Goal of the exercise: Please keep the pictures out and write out exactly the lines from the first in the data below through the one containing "Women enjoying quality", both included.

Records for the task:
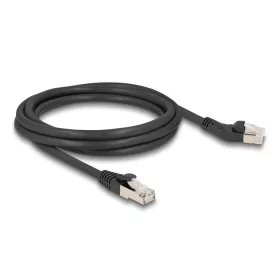   Delock RJ45 hálózati kábel Cat.6A S/FTP 45 -ben jobbra hajlított apa   egyenes apa 2 m, fekete (DL-80615)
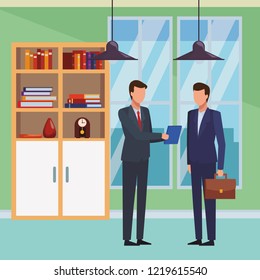 Business people and office elements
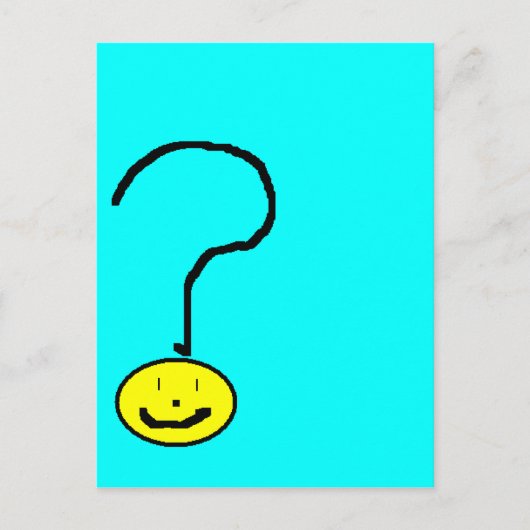 Happy Smiling Question Mark Emoji, Kids Art ポストカード (正面)
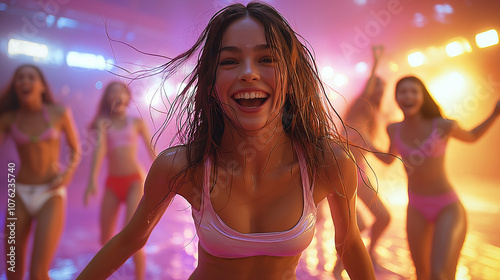 Women enjoying quality time together at the pool, laughing and relaxing in the water, perfect for themes of friendship, summer fun, and relaxation
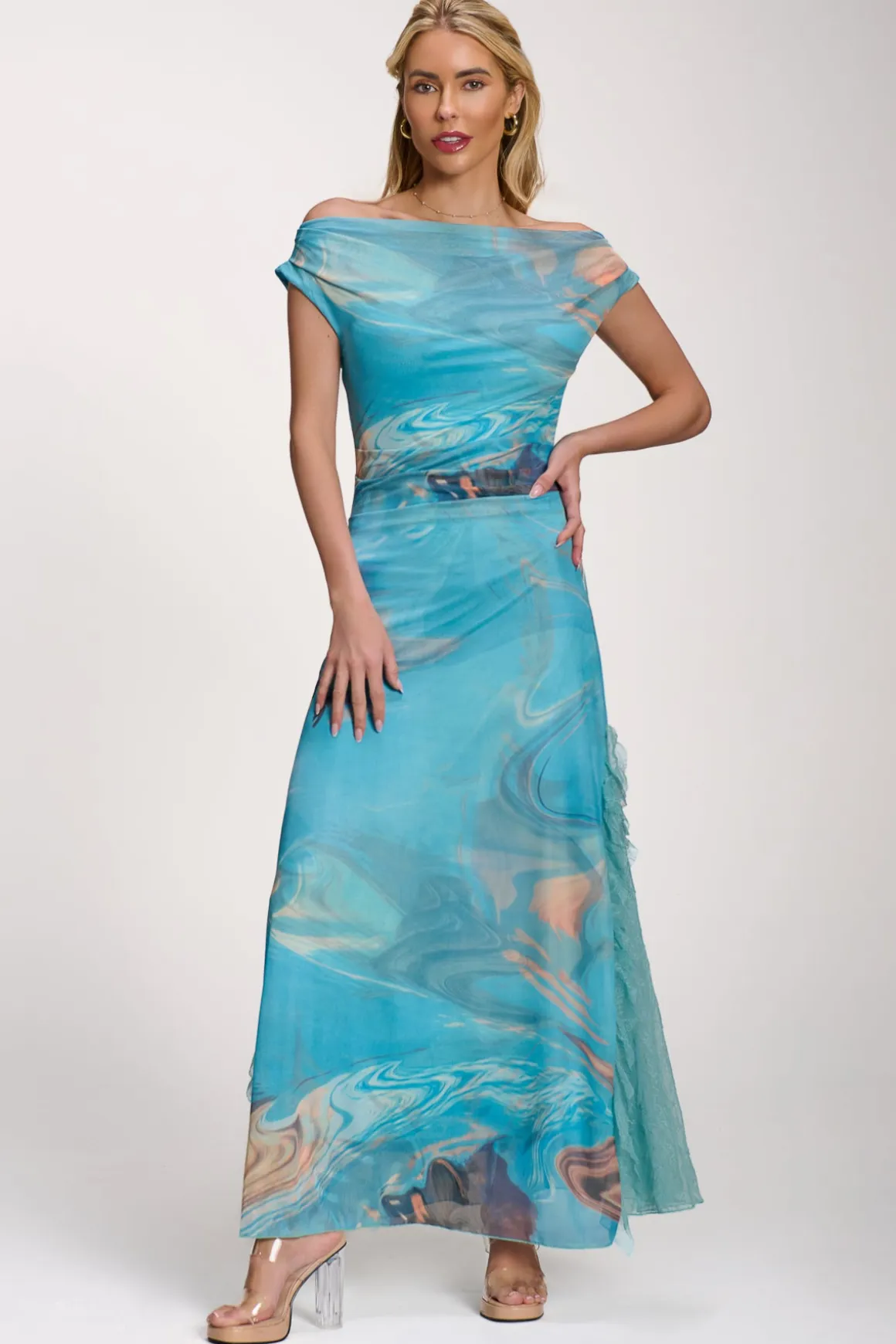 Lace Insert Ruched Mesh Maxi Dress, Blue Abstract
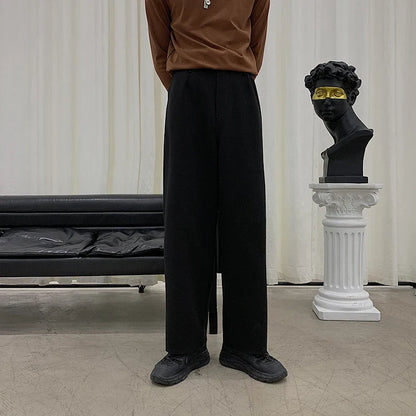 maoxiangshop WELL DRESSED MEN Winter Thick Woolen Pants Men Warm Fashion Cotton Black/Brown Suit Pants Men Loose Straight Pants Mens Casual Trousers S-2XL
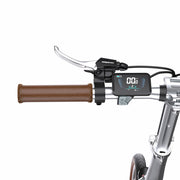 Bicycle handlebar with brown grip and digital display on a white background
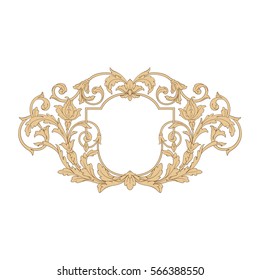 Vintage baroque ornament retro pattern antique style acanthus. Decorative design element filigree calligraphy vector. You can use for wedding decoration of greeting card and laser cutting.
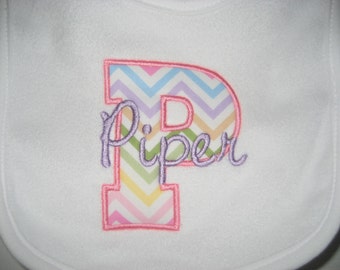 Baby girls monogrammed bib, chevron bib, personalized bib, baby bib, initial bib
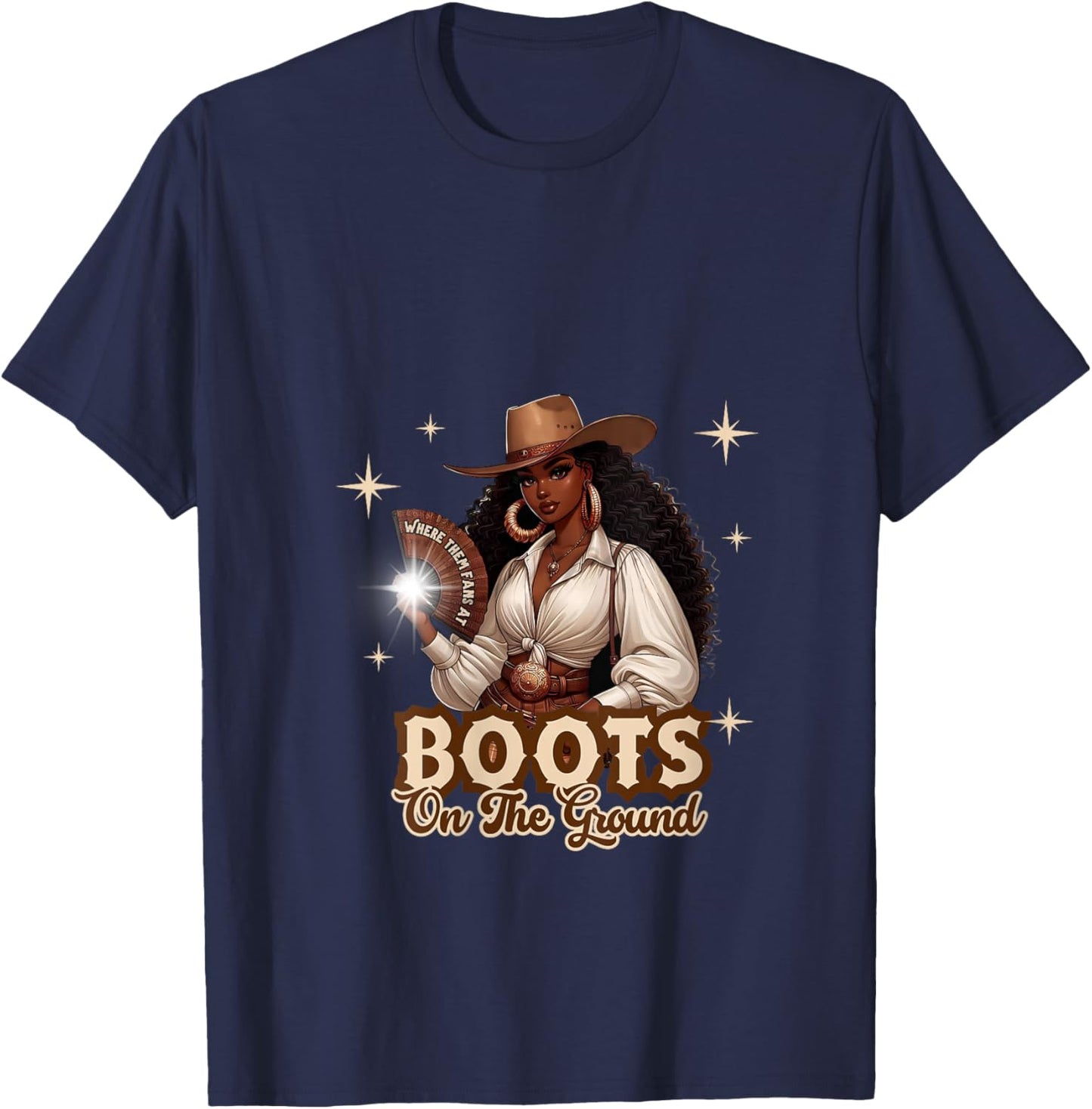 Boots On The Ground Cowgirl Western Black Girl Black History V-Neck T-Shirt - T-Shirt | Navy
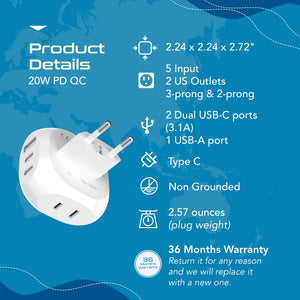 European Travel Plug Adapter - Type C - 5 in 1 - Ultra Compact (PTU-9C) - TRAPSKI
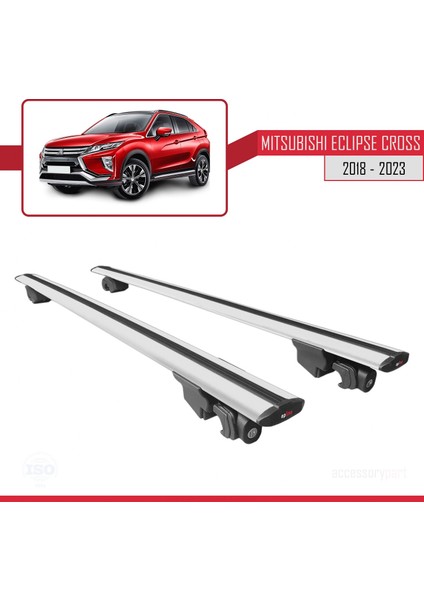Mitsubishi Eclipse Cross (Gk) 2018 ve Sonrası ile Uyumlu Hook Model Anahtar Kilitli Ara Atkı Tavan Barı Gri fırsatları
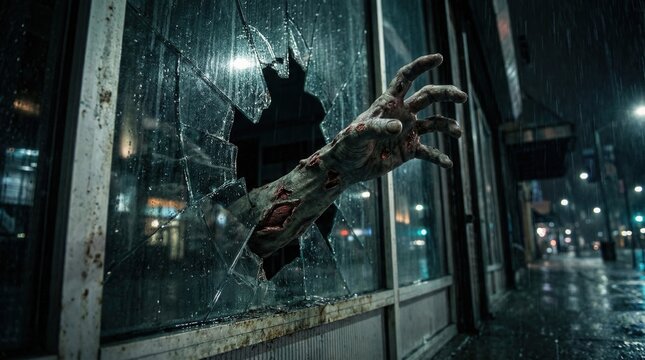 Zombie hand breaking through shattered glass window on rainy night in city street, eerie lighting and wet reflections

Solution below:
   Delock RJ45 hálózati kábel Cat.6A S/FTP 45 -ben jobbra hajlított apa   egyenes apa 2 m, fekete (DL-80615)
 Business people and office elements
 Happy Smiling Question Mark Emoji, Kids Art ポストカード (正面)
 Women enjoying quality time together at the pool, laughing and relaxing in the water, perfect for themes of friendship, summer fun, and relaxation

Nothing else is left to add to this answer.